## Your assignment
Only a slice of the listing below is wanted. Retype the lines from the one containing "Iago Bouzón, per" through the one containing "2014-ford-cargo-image-8", exactly, both ends included.

## Extracted entries
───

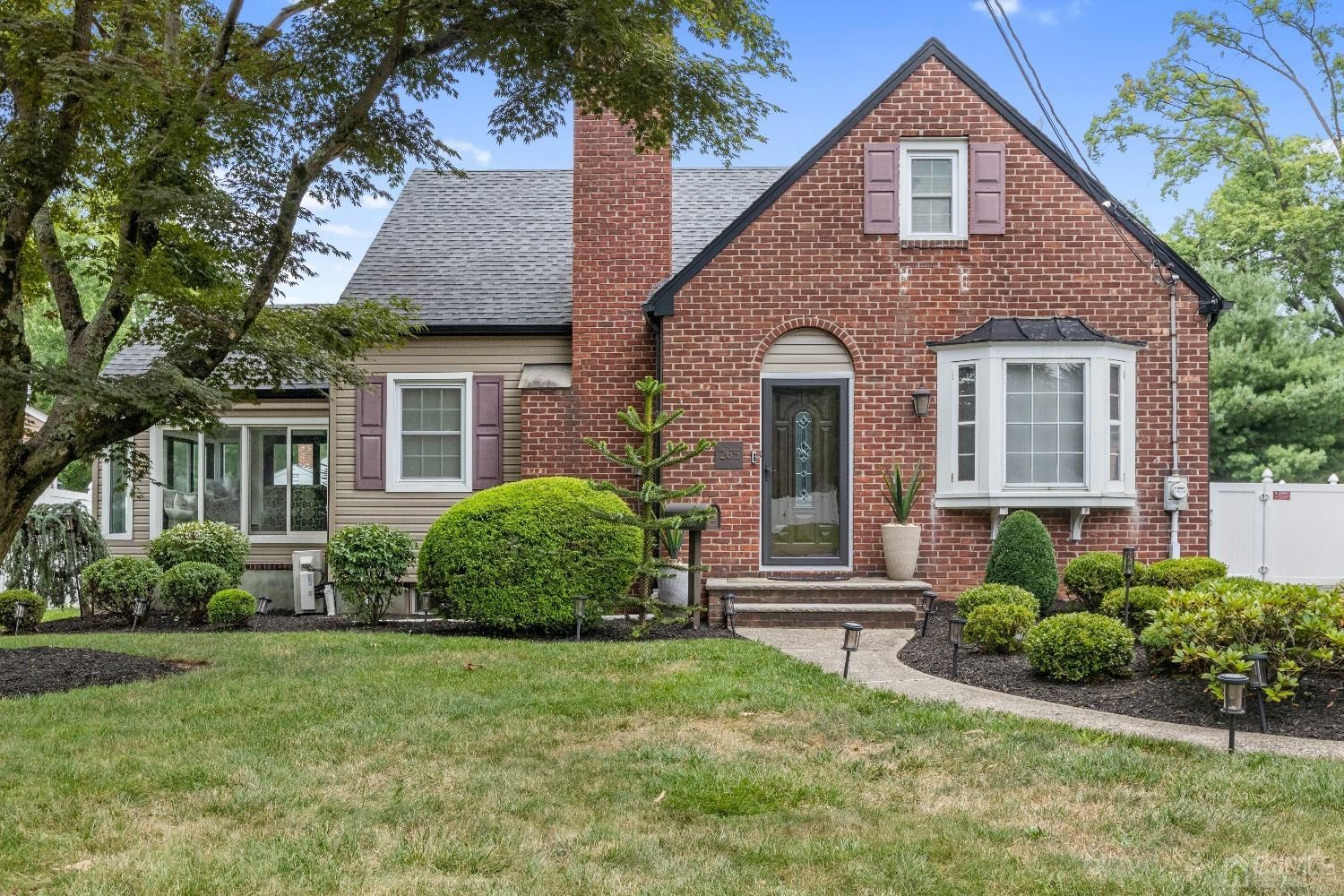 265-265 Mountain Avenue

───

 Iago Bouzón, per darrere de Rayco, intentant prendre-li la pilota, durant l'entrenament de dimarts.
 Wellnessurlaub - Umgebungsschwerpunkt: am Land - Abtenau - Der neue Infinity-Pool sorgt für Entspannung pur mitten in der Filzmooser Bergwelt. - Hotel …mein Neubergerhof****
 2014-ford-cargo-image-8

───

## Answer space
 Iago Bouzón, per darrere de Rayco, intentant prendre-li la pilota, durant l'entrenament de dimarts.
 Wellnessurlaub - Umgebungsschwerpunkt: am Land - Abtenau - Der neue Infinity-Pool sorgt für Entspannung pur mitten in der Filzmooser Bergwelt. - Hotel …mein Neubergerhof****
 2014-ford-cargo-image-8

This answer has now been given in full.